Thanks to Andrik Cardenas of the Center for Nonprofit and Public Leadership for the great photos!
A large and enthusiastic group took to the zoo for Wednesday’s Staff Volunteer Day, ready to do whatever was needed. As we peeled off into our work groups, zoo staff members were coy about who would be doing what—no cherry picking! I raised my hand for a task described as “manual labor,” which actually turned out to be relatively light work pulling weeds around an animal enclosure and an edible garden. I got to chat with some very fun co-workers from Development and Alumni Relations and the Faculty Assistants unit. As it turned out, our group had the lucky reward of feeding Romaine lettuce leaves to three giraffes.

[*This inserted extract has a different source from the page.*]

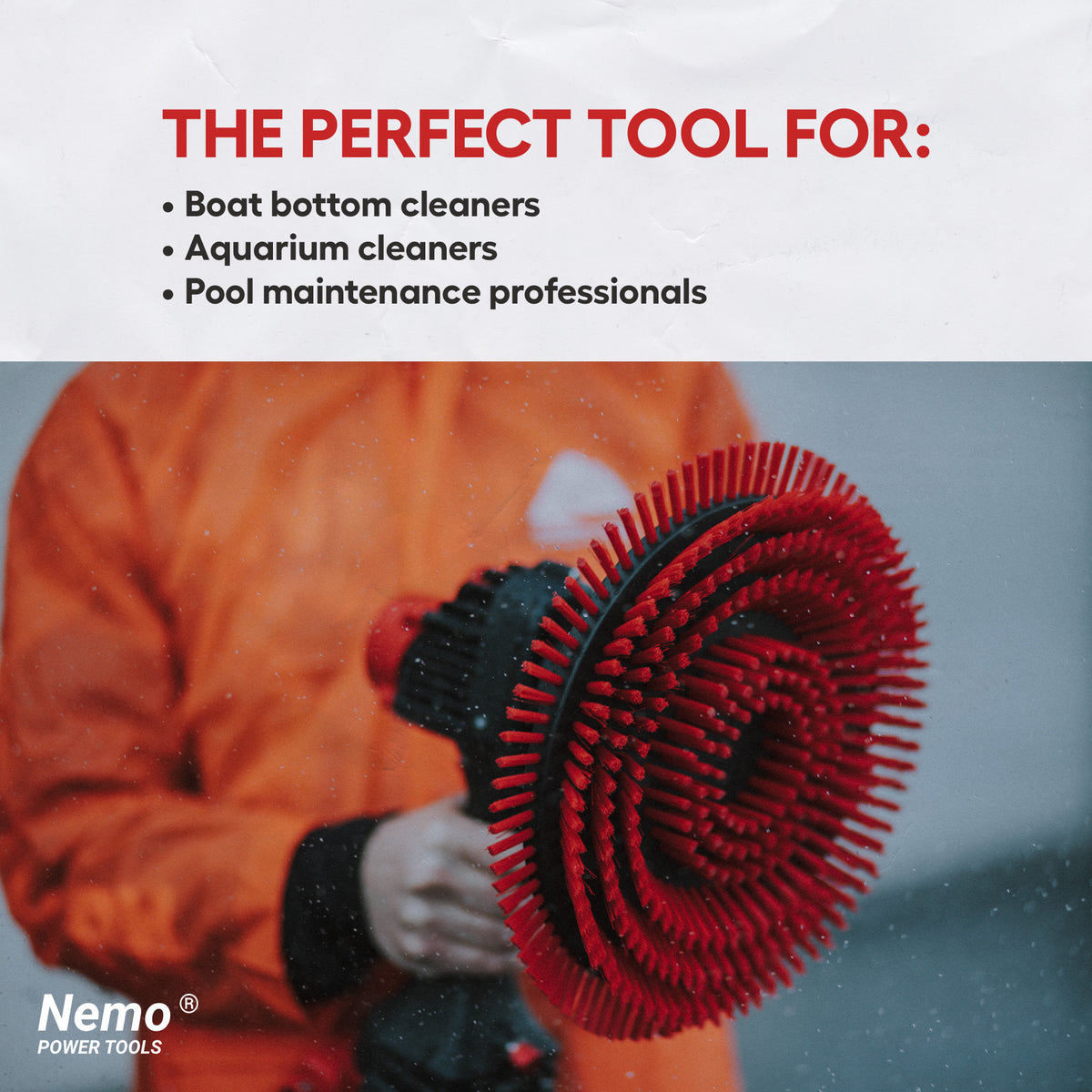 Nemo Hull Cleaner Electric Brush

Others performed true manual labor: moving massive piles of mulch in the sun. Some scooped camel poop, worked at the Savanna Aviary and Macaw Exhibit, helped with a horticulture project in the Children’s zoo, and created “enrichment” toys from recycled paper items for the animals.
Before we started, we were treated to a yummy zero-waste lunch. Organizers Tom Tripp, Danner Doud-Martin, and Christine Blaine, along with Helen Lai of the Green Team, ensured all items were compostable or recyclable. Our swag was even green: reusable Haas water bottles (single-use water bottles may be “recyclable,” but that takes lots of energy. Plus, many of them don’t ever get recycled).
Zoo CFO Nik Dehejia—who happens to be a Haas MBA grad—told us about the California Trail zoo expansion project, which will feature locally extinct animals such as wolves, mountain lions, grizzly bears and bald eagles. The project also includes removal of invasive plant species in Knowland Park and restoration of native grasslands.
All told, almost 90 volunteers pitched in for the zoo. Equally important are those who would have liked to join in, but had to hold down the fort on campus.
“I was thinking about what it means to volunteer: it’s about giving something up to give it to someone else,” COO Jo Mackness told the group. “You’re doing this today, and you’ll have to make up your work, but you’re giving it to the community. And that’s important.”